Developing a 3D Beam Former Model with Varied MIMO Channels

Abstract

Orthogonal Frequency Division Multiplexing (OFDM) in conjunction with Multiple-Input Multiple-Output (MIMO) is considered as an attractive solution for future generation wireless networks with frequency selective fading environments. In this paper, a MIMO-OFDM based 3D Beamformer (3DBF) model has been developed using MIMO antenna arrays with both uniform and non-uniform planar array structures. The spatial mobility of the users and varied MIMO antenna structures have been considered for bringing the effect of different channel conditions with WINNER-II spatial channel model which considers 3D beamforming aspects.
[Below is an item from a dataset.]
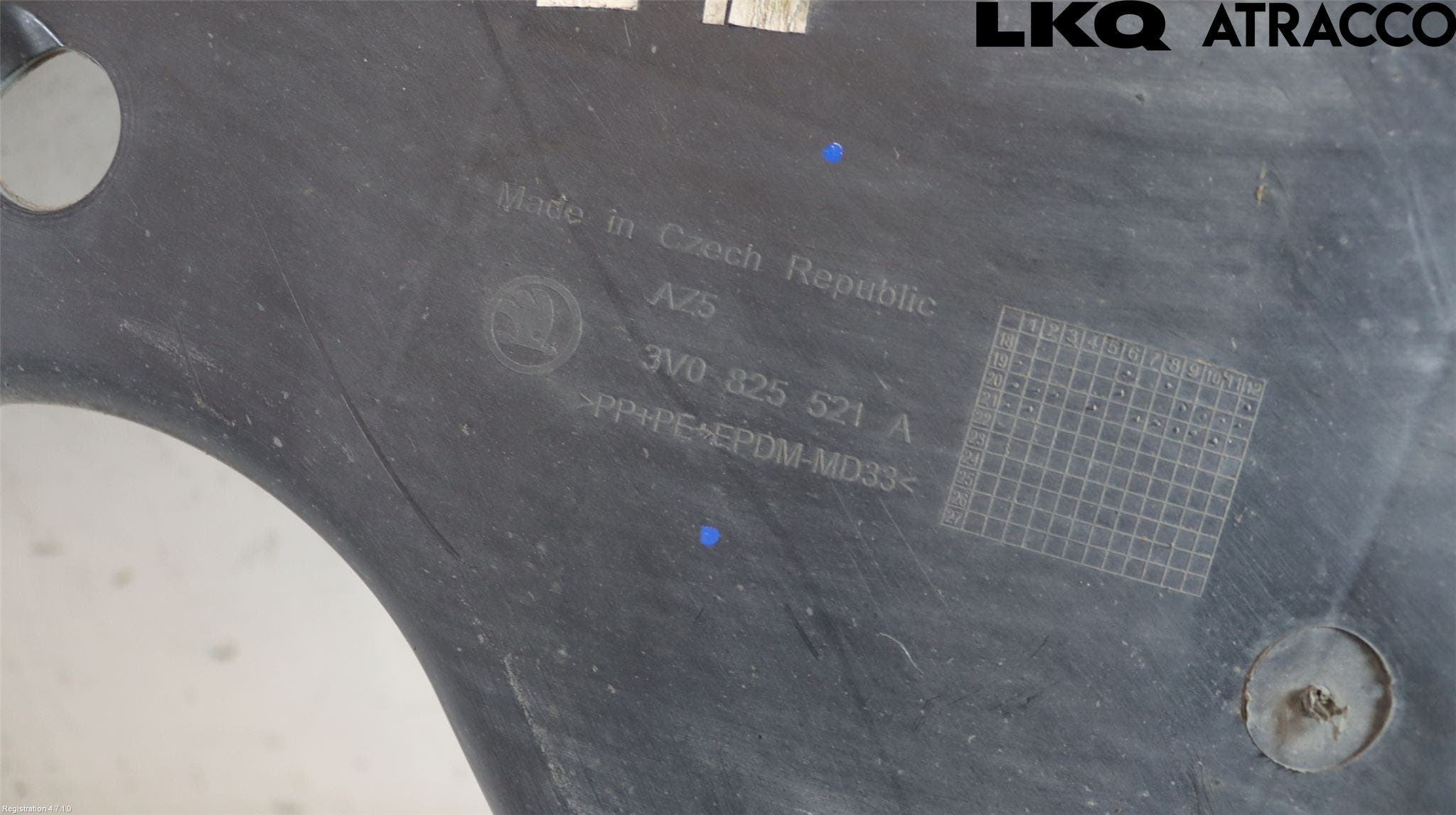 Skoda SUPERB 16-24 Hasplåt Plåt-Plast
For the performance evaluation and comparison, linear adaptive channel equalization algorithms namely the Least Mean Square (LMS) and the Minimum Mean Square Error (MMSE) have been considered to be adaptively compensated the channel impairments caused by frequency selectivity in the propagation environment and under the condition of varied MIMO channel. The various units of the 3DBF system are described and implemented under MATLAB simulation environment. Extensive simulated studies have been carried out for Bit Error Rate (BER) and 3D beamforming performance evaluation with MMSE equalizer, the varied filter tap for LMS and MIMO antenna structures. BER reduction of 66.67% is obtained for LMS equalizer over MMSE equalizer at a fixed $\mathbf{SNR} =15 dB$ . The Mean Square Error (MSE) performance of the LMS equalizer at same SNR condition is improved than MMSE in proportion with the number of LMS filter tap and MIMO antenna structure which proves its superiority in the aspects of MIMO-OFDM based 3DBF system.